My view on cheating was very simple, cause and effect. My relationships were like a redundant movie-like scenes. The happening was so redundant and almost as if it was deja-voo all over again every after another. My university year was as colorful as a festival. I was not those type of ladies who focuses on one goal, studies a week before exams and goes home before curfew. I was the exact complete different. I studied 30 minutes before every exam, goes home way past curfew, drunk, and I was happy-go-lucky person when it comes to my grades.
 Cheating was re-occurring to my entire college life and I fall for the same reason every single time. Until I got fed up. So the last two relationships I decided to observe the patterns of how the pattern of behavior is and will be to lead me into a conclusion. This theory will not only explain the similar patterns of behavir but also the logic behind why men and women cheat on their partner.

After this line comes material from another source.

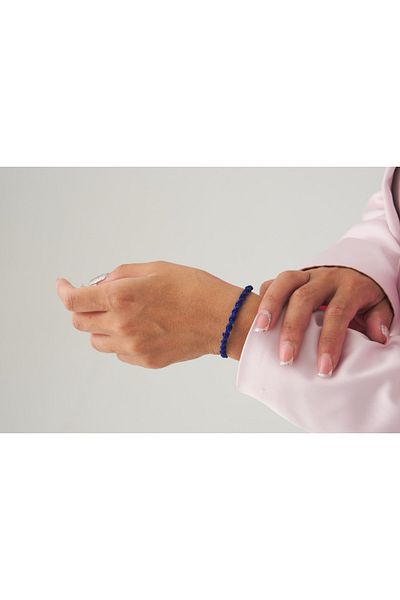 Eva Takı Navy Blue Twist Knitted Rope Best Friends Bracelet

 This theory of mine will also go into details of the person who gets into the process of “moving-on” from a cheater/heartbreak and will also explain how redundant the process of moving on as well.
 The Case of “Gaby”
Gaby is my friend who is 21, we hang out for a few years during college. Gaby was more of an acquaintance than a friend actually. We shared only the topical secrets we have, the ones that are similar to the environment we move into. We have a lot of common friends but we don’t have the same common interest. She likes to party at night but stay at home during the day, she disregards school as if it was just her past time during the day time. I hung out with her every after school for coffee, drinks and other activities Gaby had a long-term boyfriend, Elijah. Elijah, when we first met, he looked really kind, sweet and obedient to the needs of Gaby. Their relationship seems to look perfect and it seems like there is more to expect from their relationship than the typical-average-relationship now-a-days. Millenials love to post whatever was/is happening in their sical life so, I kind-of watched most of their “stories” on instagram when they were still together. As usual , they portray the most “perfect” couple on social media but one afternoon Gaby asked me to go out wither and have  decent dinner and coffee with her. She told me that Elijah has been cheating on her for so long, that she could not handle the pain anymore Elijah was giving her. She kept crying until she started saying “ang tanga tanga ko” and hurting her self constantly with her left hand pounding her left leg. It was a sign of regret I guess… She told me that she endured the pain too long that it was an “enough” reason to leave their long term relationship. I told her todo what she thinks is the best for her mental health. I have observed them both on social media. Both of them seem to look happy , but of course that is social media. Elijah went to me one night and told me that, after all the cheating his heart is still with Gaby and he wished that she have never done that. On the other side, Gaby, already have moved on she is happy now with another guy and soon she is getting married.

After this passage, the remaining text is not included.